Essentially, the rumors that NCSoft was compromised were a direct result of that French (?) fansite and it's 200,000 users being compromised.



Some of you might question how I had the time to log into all those accounts! Well I didn't! I emailed those 54,366 to an NCSoft database guy who ran a script to match my potential accounts against actual accounts, to see how many matched. That's where the 10,900 number comes from. So I didn't actually log into anyone's account. But if I were a mean person, and I wasn't just doing all this out of shear curiosity, then I would have sold that list of 54,366 to that company I mentioned above for... probably $1 per account.

So let this be a lesson to you all, don't be one of the 20% of morons out there that use the same password on public fansites and your game account. You will get hacked eventually, and all the A/V firewall spybuster software in the world wont protect you from being a dummy.

In my original post I made a summary of the data. I actually did two different tests using just milw0rm's dictionary of 84k words (Test #1) and then a second test using a larger dictionary (40m words). The 10,900 was never confirmed, but it can be assumed it would be fairly accurate. The 6,400 from 32k accounts was confirmed.

1st Test:
32,000 recovers
6,400 (20%) were confirmed NCSoft accounts

2nd Test using 40 million word dic:
54,366 recovers
20% of that would be 10,873 (unconfirmed) NCSoft

Note: Some of you might wonder why NCSoft would cooperate with me (Brett) on the accounts. I have proven to be a pretty trustworthy guy in the community, and I am also under legal obligation, so the data was always safe. This experiment was all done in the name of science! Now we have a pretty solid statistic on how many dummies out there use the same weak passwords on public sites as well as their important private accounts.

Related to this paragraph somewhat - could this be why we've been seeing more "payment fraud" bans on NCSoft accounts with the Guild Wars accounts being untouched?

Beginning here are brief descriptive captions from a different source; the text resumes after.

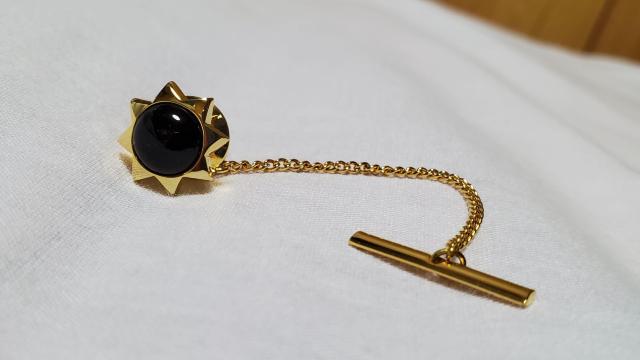 正規未 ジバンシィ クラシックラグジュアリー カボションストーン黒フラワー タイタニック タイピン スター ブローチ ピンバッジ < ブランド  正規未 ジバンシィ クラシックラグジュアリー カボションストーン黒フラワー タイタニック タイピン スター ブローチ ピンバッジ  < ブランドの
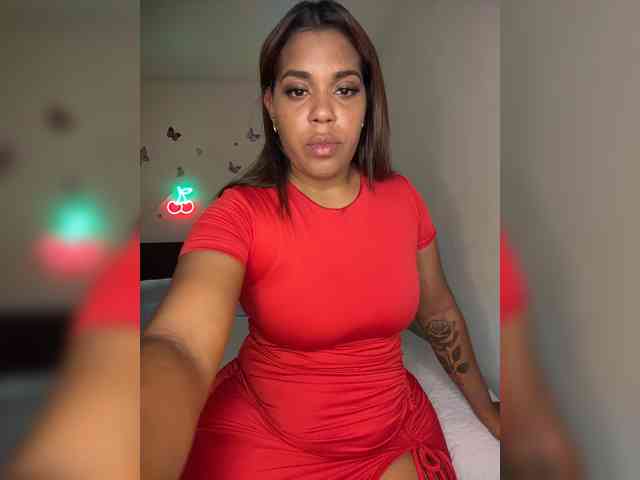LucyDalton webcam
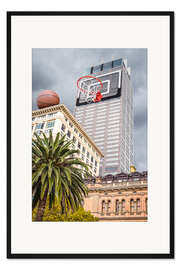 Gerahmter Kunstdruck Basketballkorb auf Wolkenkratzer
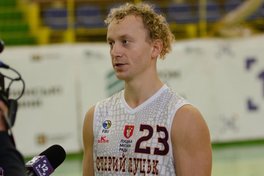 Едуард Федчук: шукаємо поглядами вболівальників на трибунах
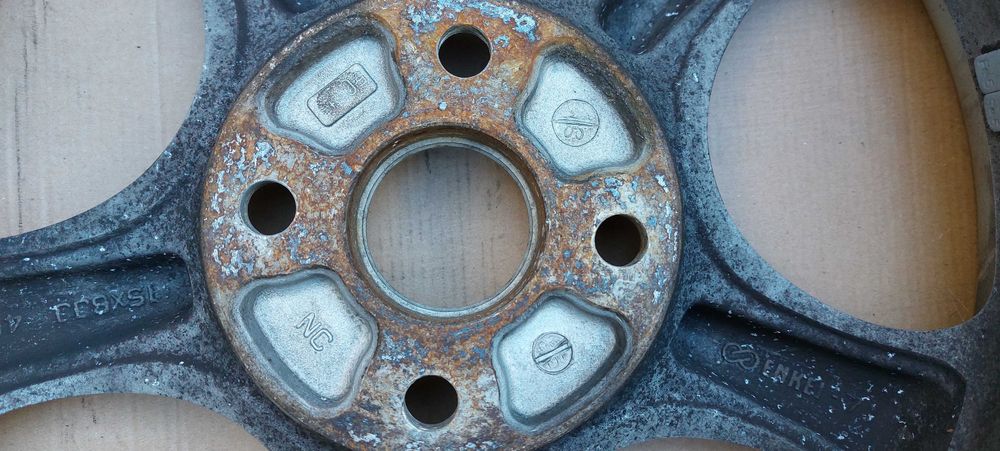 Alufelgi 15" lekkie Enkei Opel Astra Mazda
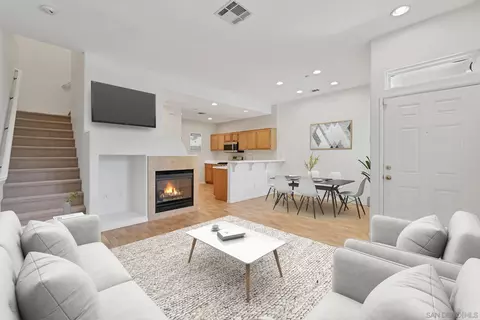 6342 Citracado Cir, Carlsbad, CA 92009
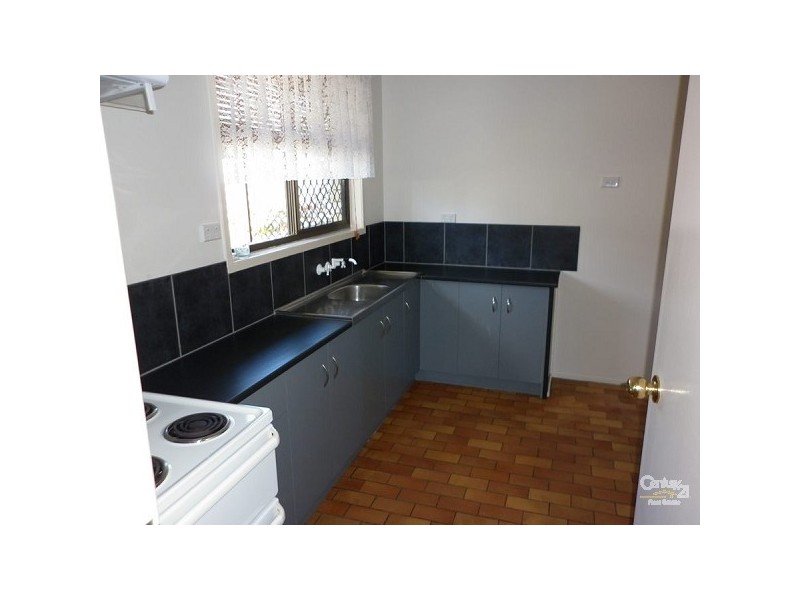 1/37 Tyson Crescent, Tannum Sands QLD 4680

Wow. That's an epic illustration of how important it is to use unique logins and (strong) passwords for everything that matters to you... and also the shocking percentage of idiots who aren't doing that.

Wait - how exactly did you acquire NCSoft accounts? Are you an owner/employee of these sites who's normal work involves access to these accounts? I find it hard to believe that a company would just pass off it's userbase details to someone - even salted MD5 hashes are weak given a long enough attack, as you demonstrated.

Wow, nice research there (seriously, no sarcasm intended)

The same way children without money acquire candy from a store.

Brett,

The dispute has always been over volume. I believe what you're saying. However, I believe that your hypothesized vector of attack has always been assumed to be present among the more sophisticated.

Claiming that your method is causal basically requires believing that the attackers were dumb before (July? October?) but suddenly got smart. By contrast, believing in NCSoft vulnerabilities requires believing that the hackers were smart to begin with but got smarter after reviewing the condition of the site, and altered the vector of attack as a result.

The math associated with brute forcing birthday password resets using botnets is just too attractive to a professional hacker. Especially given that we now know that botnets are being used.

In short, I accept the contention that what you describe is part of the explanation, but reject ANet's contention that it constitutes the full explanation. Too many educated people aware of good security practices got hacked for me to believe that this was a simple case of BBS hacking and social engineering. The explanation just doesn't fit the data.

Just to be sure, does this mean you emailed a list of 50k sets of login info that you thought might work to a NCSoft employee. And then, he e-mailed you back and told you 10k were valid?